New Feature Preserves Geometry Associativity in Ansys Mechanical Release 2023R1
In many industries, including aerospace, defense, automotive, power generation, oil and gas, and power electronics, simulation software Ansys Mechanical is reputed for its ability to work with CAD geometry through meshing, contacts, constraints, solving, parameterization, and optimization.
Product design engineers running simulations will typically conduct multiple analyses with design changes on the underlying geometry until a final optimal design satisfying the structural or thermal objectives is achieved. When editing the geometry, associativity in Mechanical to materials, contacts, mesh settings, and constraints can potentially be completely lost or become underdefined. In such cases, the engineer will typically see multiple question marks in the Mechanical outline tree because of lost associativity. The engineer then will have to go through each of the associativity changes and fix them manually in order to complete and re-run the simulation. This could lead to longer model building time, especially in complex assemblies. Geometry Associativity in 2023 R1 Mechanical alleviates this problem by automatically detecting and re-establishing scoping.
New Geometry Associativity Feature Alleviates Manual Scoping
This new geometry associativity feature introduces a scoping wizard tool. The scoping wizard tool automatically detects all geometry changes that become lost during an update and reestablish scoping. This feature is on by default. It also has an ‘Automatic Scoping Update’ preference which allows the application to automatically correct geometry-based scoping that becomes lost following a geometry update.
Figure 1. Geometry Associativity Scoping Wizard
How Does the Geometry Associativity Feature Work?
When an updated geometry model is refreshed in Mechanical, various parts of the geometry are color coded depending on the associativity. The engineer can then work their way through the list to visualize which pieces have been reassociated and what has not been scoped automatically. Items which Mechanical locates and can be automatically reassociated are colored green, items with multiple matches are colored yellow and items which are unable to be automatically reassociated are colored red. Furthermore, the worksheet uses the color scheme to indicate if one or more of the conditions exist, such as the Named Selection, ‘AllFaces’, in the example shown below that displays all three colors.

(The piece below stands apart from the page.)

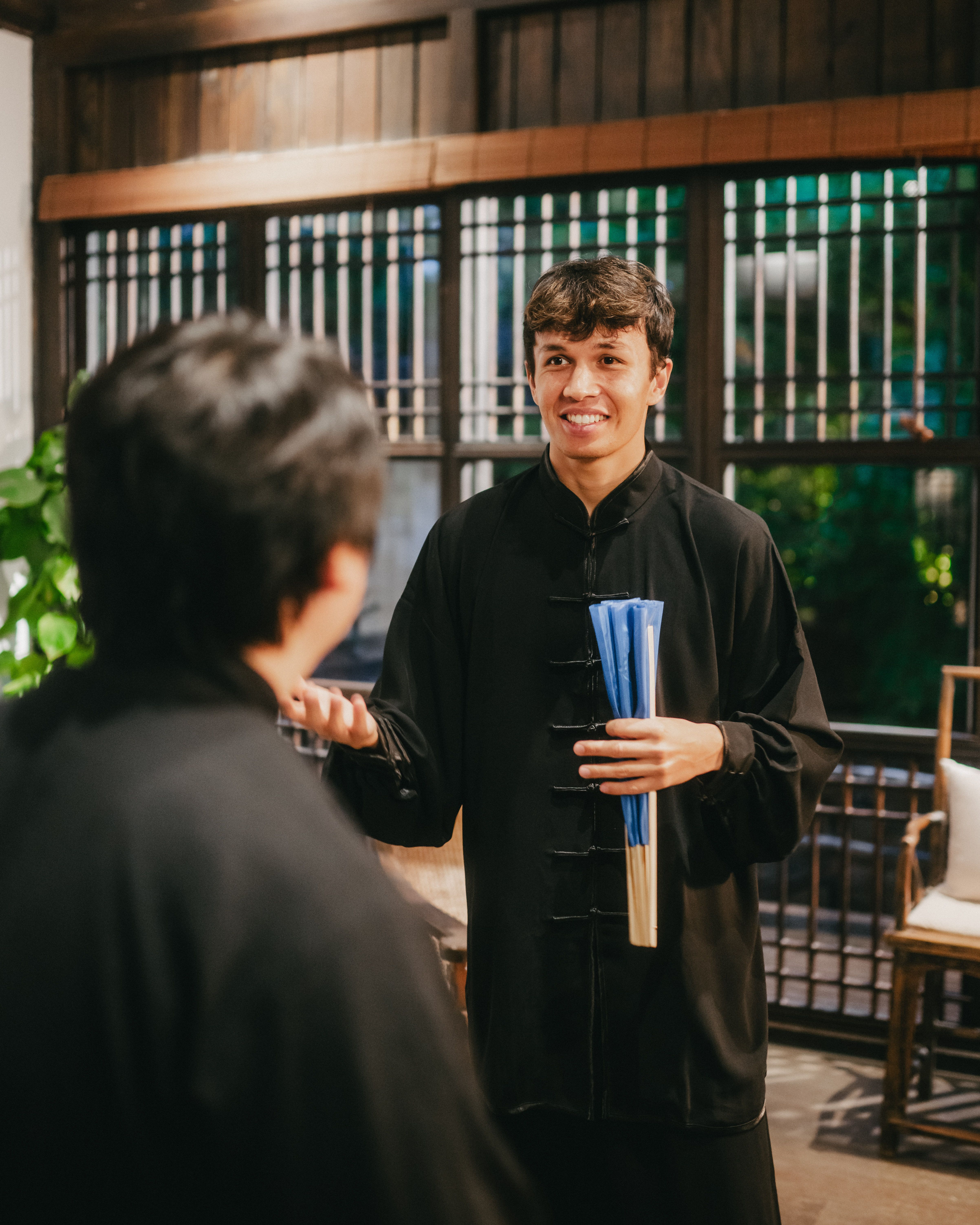 Quizzing the Grand Master.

Figure 2. Efficiently reestablish associativity after editing a CAD model using the new Scoping Wizard.
Once the scoping wizard is selected all objects with unresolved scoping are listed in the worksheet pane as well as the model tree. The feature can also be accessed via the context (right click) based menu. A Fix All Scoping option allows the engineer to automatically correct all recovered scoping.

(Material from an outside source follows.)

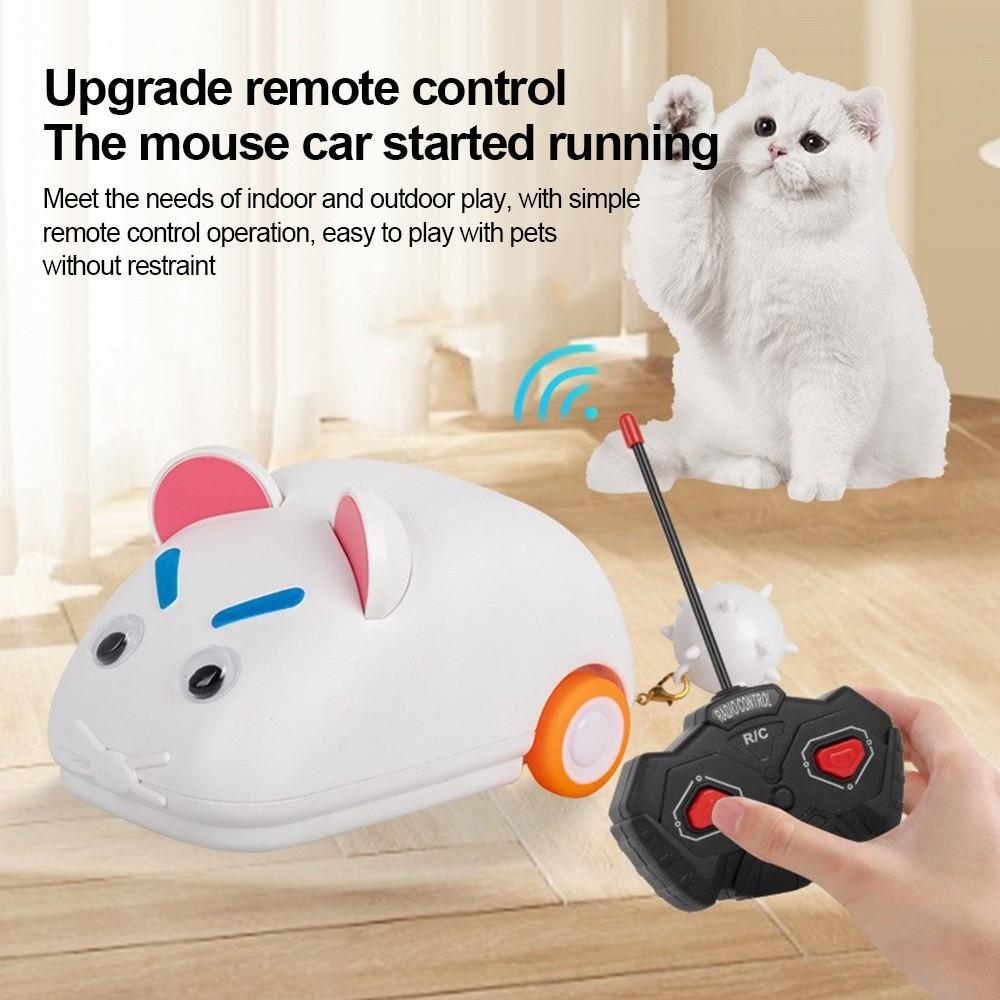Wireless Remote Pet Simulation Toy Pet Play Simulated Mouse Racer Toy Cat Entertainment Mouse Remote Control Racer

The Scoping Wizard pane enables the engineer to:
- Change display settings, fix scoping, show an information pane, and zoom on a scoping.
- View a list of unresolved objects.
- Filter the list based on object name or number of unresolved scoping.
- Navigate through long lists of unresolved objects.
Figure 3. Connection objects with unresolved scoping
If an engineer double-clicks a table row, or selects an unresolved object in the tree, the pane shows information specific to the object and its (unresolved) scoping. The following example shows a Contact Region that has lost scoping. The panel displays the object type/name (Contact Region), the number of unresolved geometric entities, whether the application identified a scoping match, and the original application-assigned ID for the entities. The first item in the worksheet is selected by default, and the parts are highlighted in the geometry window.
Figure 4. Example of a contact region with lost scoping
As with any new feature, Geometry Associativity does have limitations which may be addressed in future releases. The feature does not yet recover mesh-based (node, element-face, element) scoping.
The geometry associativity feature automatically detects geometry scoping that becomes lost during geometry or design updates and offers users a tool for automatically re-establishing and fixing most detectable changes. This reduces model building time with design/geometry changes especially with large, complex models. Engineers spend less time manually re-scoping after design changes and more time optimizing their designs, leading to accelerated time to market and more robust product designs.